When an interface is operationally down, or ARP requests to the next-hop gateway are not consistently returned, the path in question will be removed from routing decisions. In concert with dynamic routing protocols such as BGP, network software is able to determine the best path to the destination. However in some deployments, routers can be pre-configured with all potentially available transports, or lacking in dynamic routing protocols to determine if the path to the final destination is available on a given route.
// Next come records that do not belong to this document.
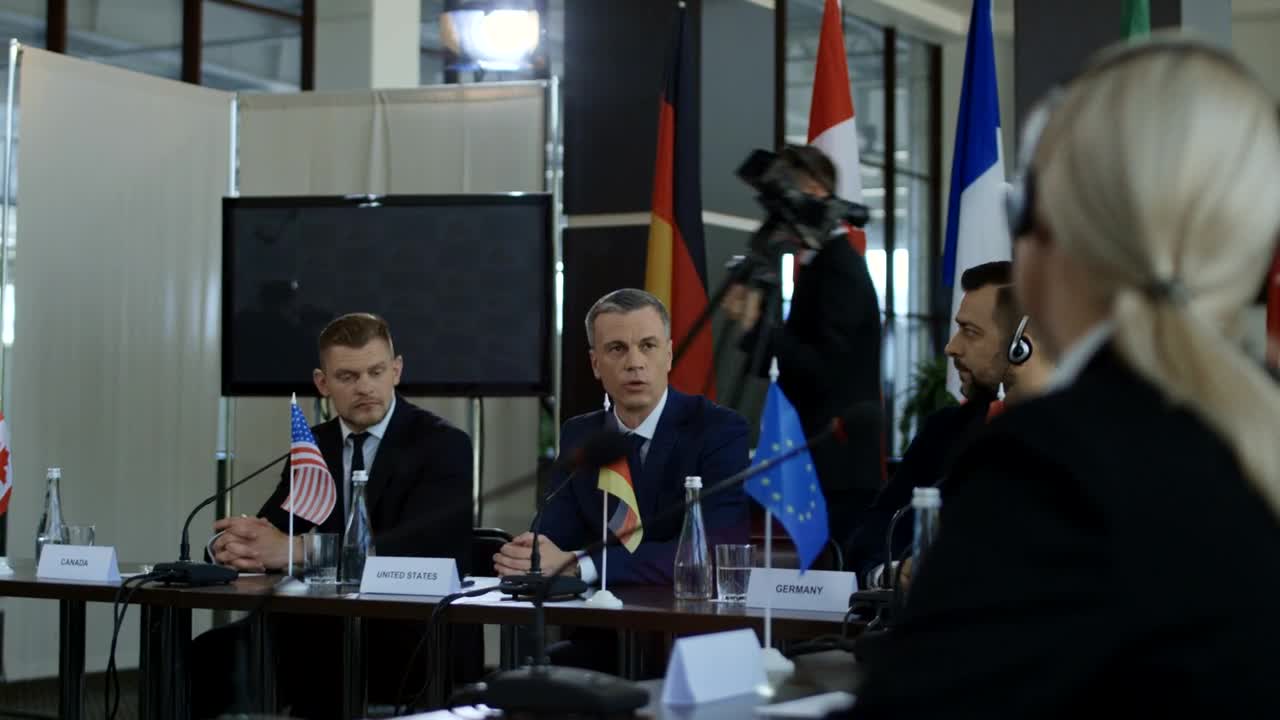 Video Stock Politicians Shaking Hands After Negotiation Live Wallpaper Free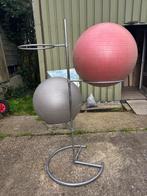 Rek met twee fitness of gymballen ( stabiliteit ballen, Sport en Fitness, Fitnessmaterialen, Ophalen, Gebruikt, Fitnessbal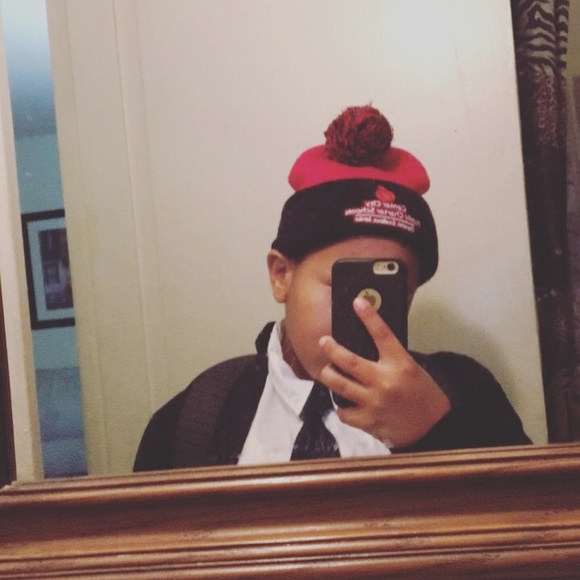 Profile Picture of Corey Hoke (@coreyhoke) on Poshmark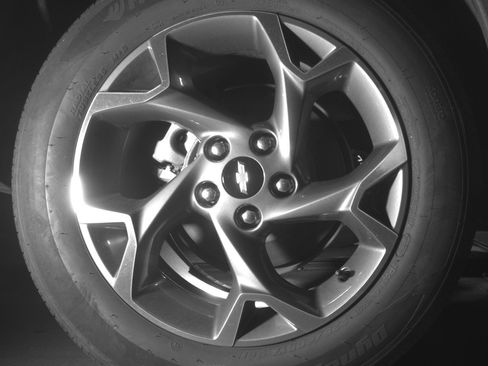 Used 2025 Chevrolet Trax LT FWD image 15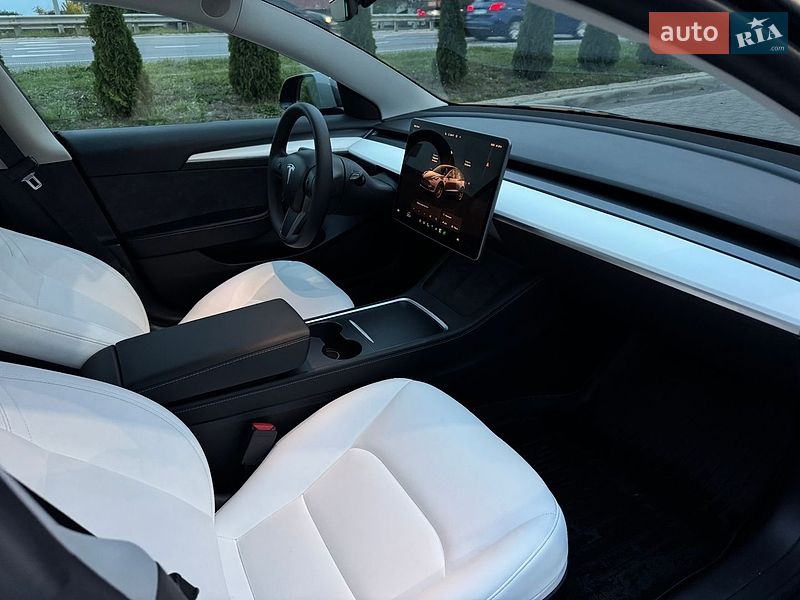 Седан Tesla Model 3 2022 в Львові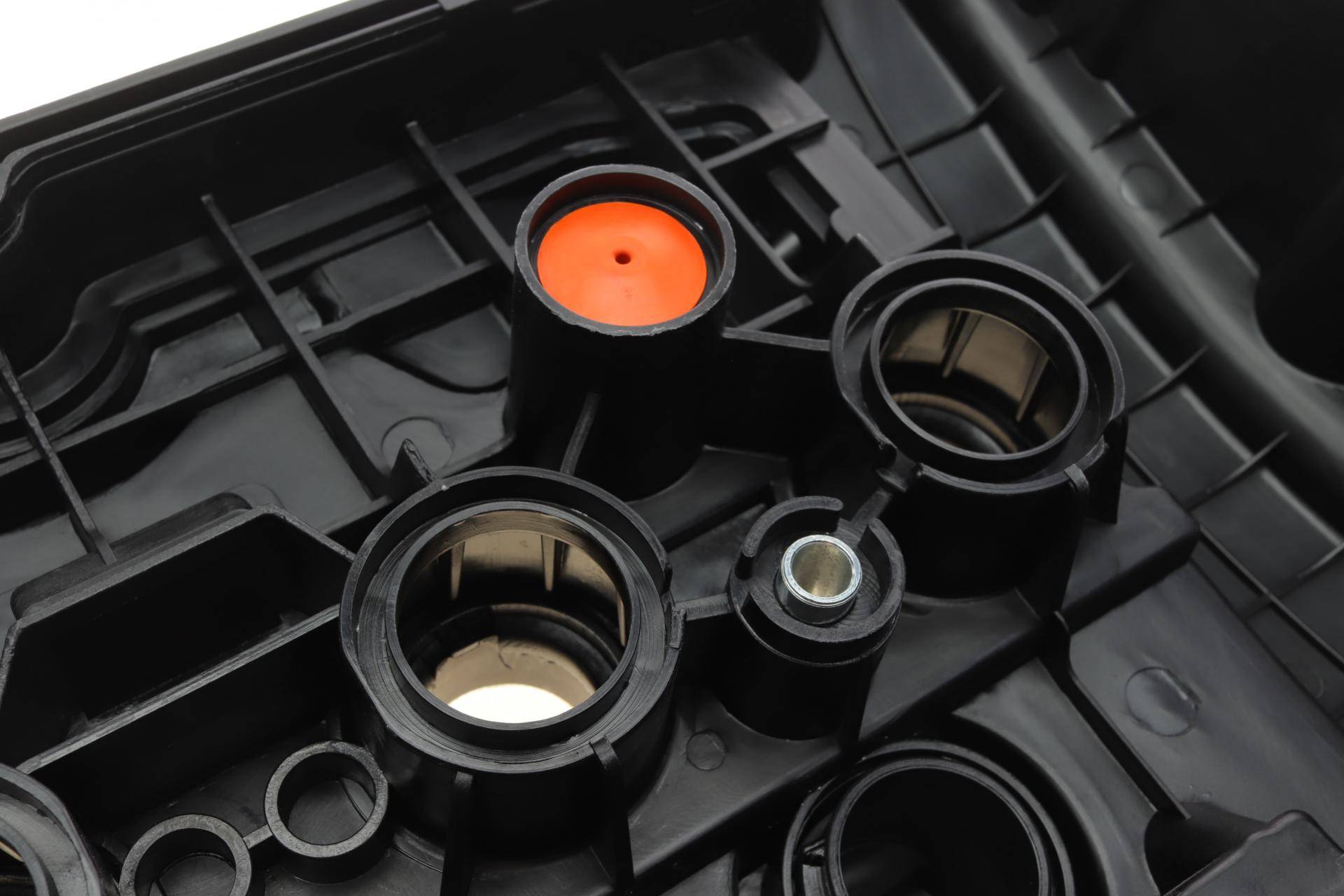 Кришка клапанів Citroen C4/C5 1.6THP 08-/Peugeot 207/308/508 1.6 06- (з прокладкою)
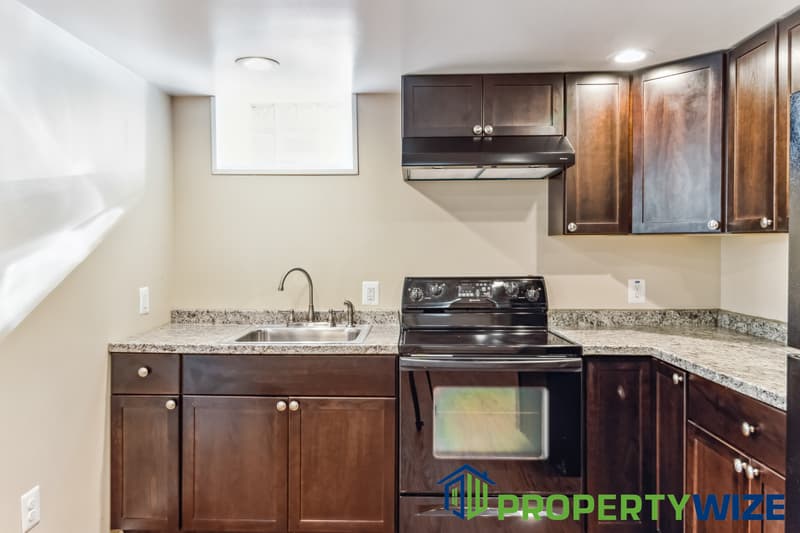 Baltimore Condo: 516 Beaumont Ave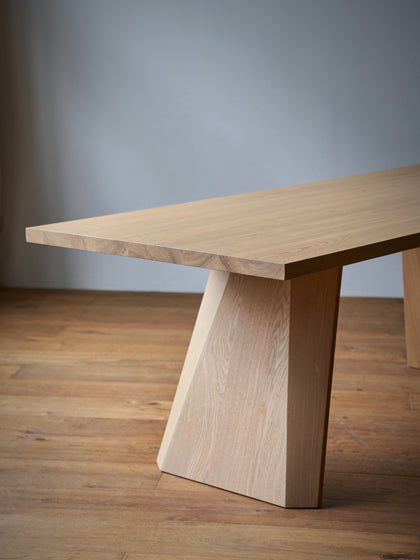Vale Bloom Decorative Object — interior view 06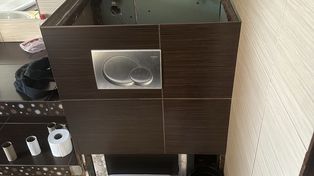 Ukrył się w spłuczce, zdradziła go stopa. Seria zatrzymań w regionie łomżyńskim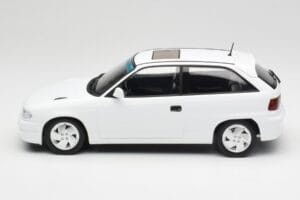 Opel Astra F GSi Blanc Casablanca Norev 1:18 183673 Metal - imaginea 3 din 6
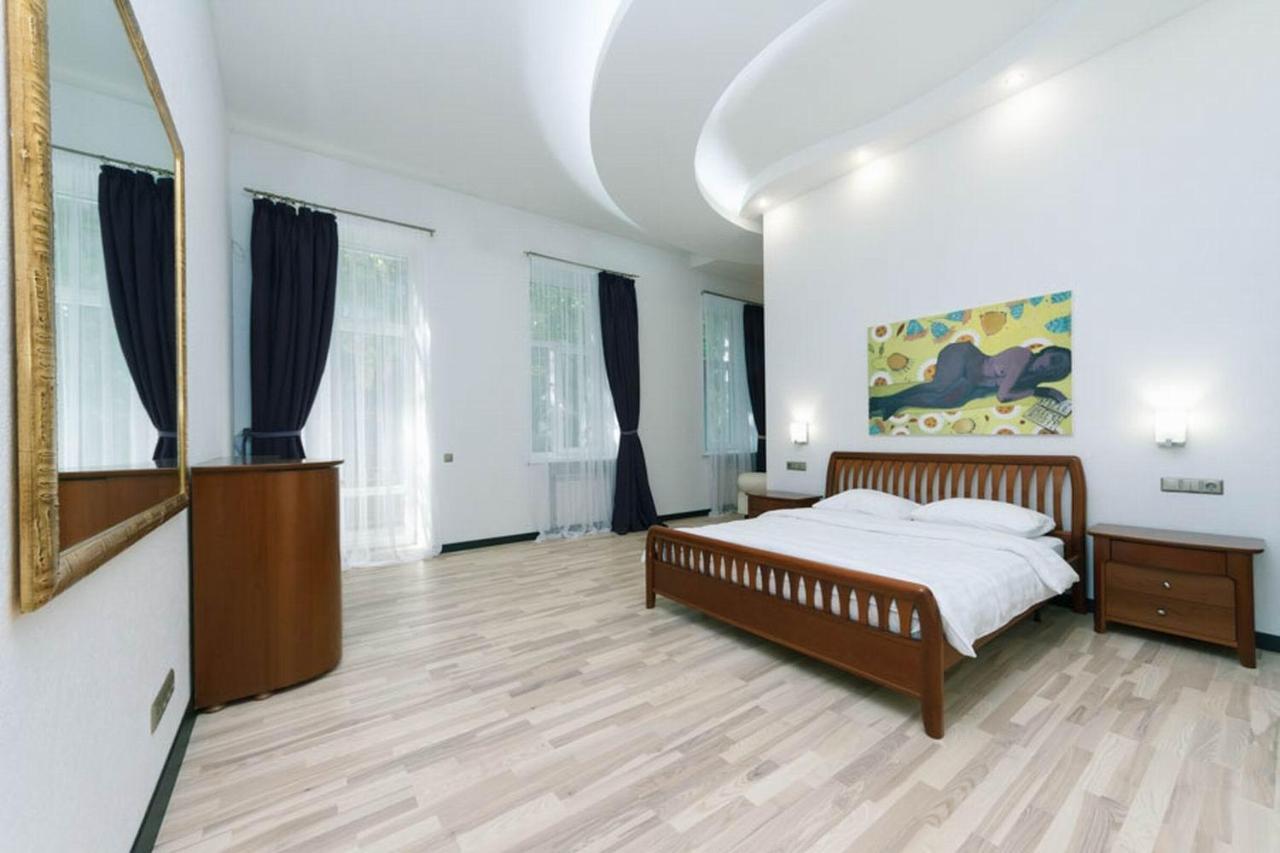 Lux Near Maidan, Khreschutyk 3Br Daire Kiev Dış mekan fotoğraf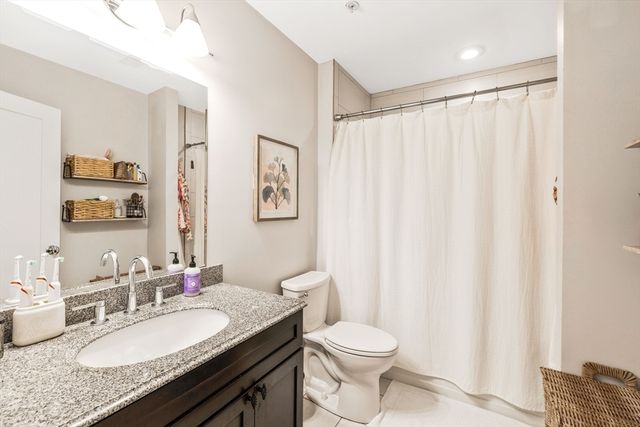 109 D St 4, Boston, MA 02127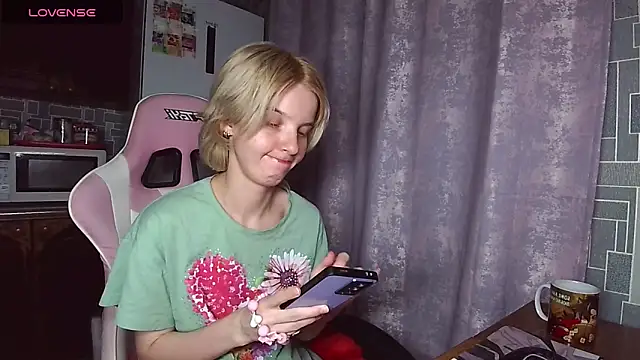 Madelaineses online show from 07.15.26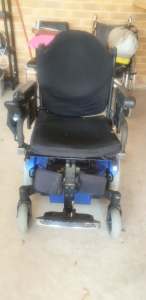 Quickie Pulse 6 Power wheelchair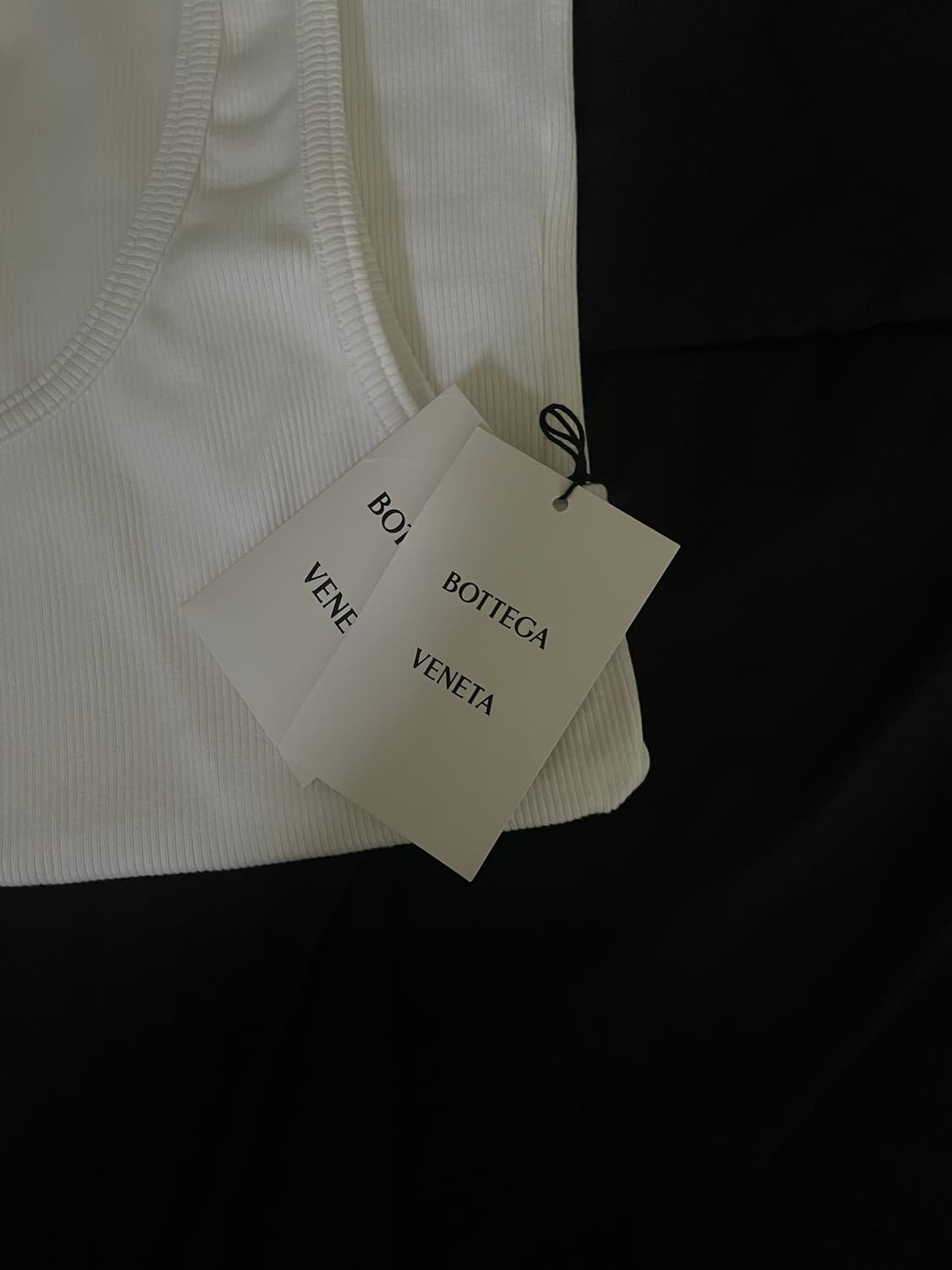 (당일발송/택 O) 보테가베네타 탱크탑 판매합니다. 상품이미지2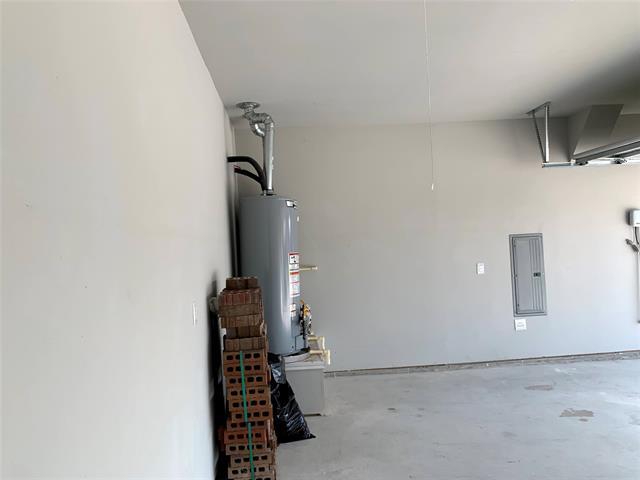 Building Photo - 515 Long Prairie Dr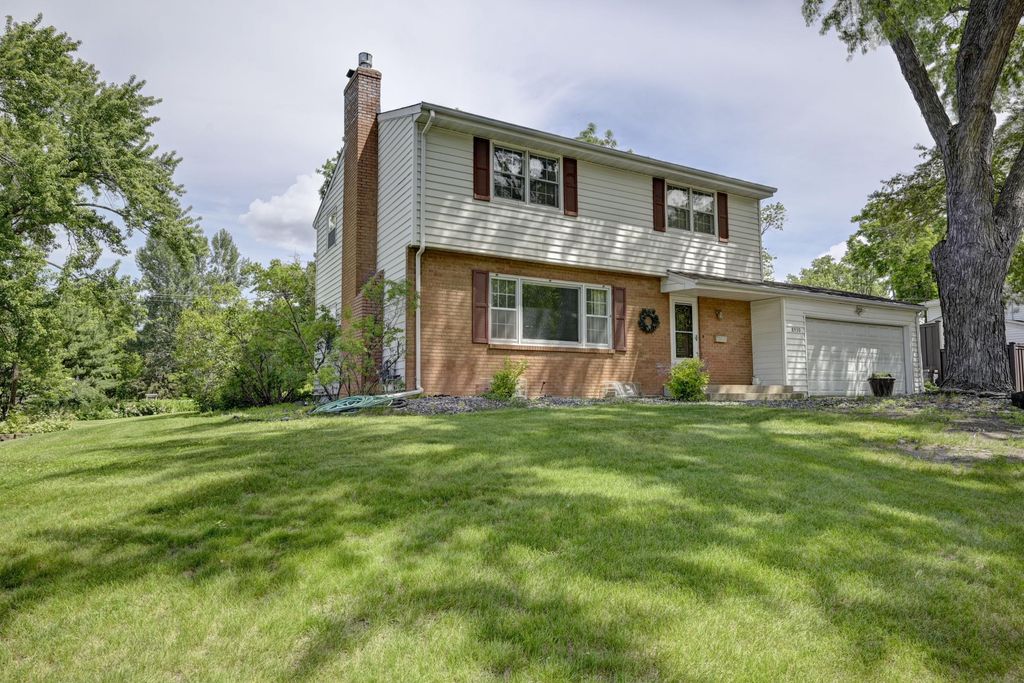 8930 23rd Avenue N, Golden Valley, MN 55427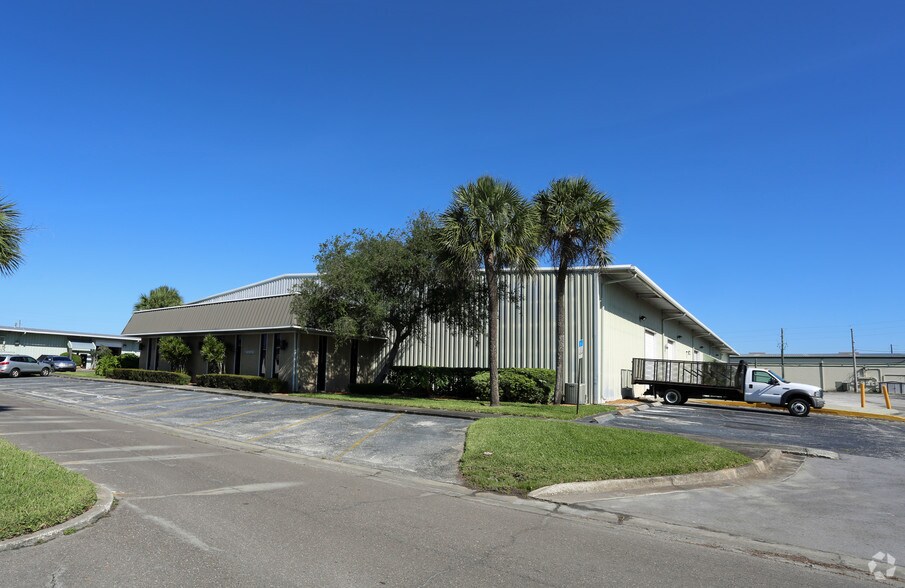 12910 Automobile Blvd, Clearwater, FL à louer - Photo de l’immeuble – Image 2 sur 14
As a result, the path selected by the router might effectively black-hole traffic.
A unique advantage of Session Smart Routing is that it can understand patterns and characteristics of the underlying traffic passing through the system. These heuristics can then be leveraged on a number of different parameters in order to make more intelligent routing and load balancing decisions.
- Per Service
- Per Path
- Per transport and application such as TCP, UDP, TLS etc
- Per destination (/32 address only)
- Per traffic-class (high, medium, low, best-effort)
The Session Smart Router (SSR) collects key performance metrics to assist in making load balancing decisions, such as:
- Number of TCP connection errors
- Number of UDP failures due to ICMP unreachable
- Time to first data packet for TCP and TLS
Service Health Learning can operate in a detection mode to gather the metrics listed above, and then enforce path selection based on the experienced values.
Detection Mode is configured on the service-route, and allows you to gather statistics based on the traffic profiles as described in Session Establishment Metrics. This mode defines the criteria the 128T router uses to apply load balancing decisions. Detection mode allows you to visualize the current network and understand the necessary configuration for enforcement.
Configure Detection Mode
Detection Mode is configured per service-route, and gathers statistics using Session Establishment Metrics.
To enable Detection Mode:
- Under Authority, select a router.
- Scroll down to Service Routes.
- Click ADD.
- Enter a Name for the new Service Route, and click SAVE.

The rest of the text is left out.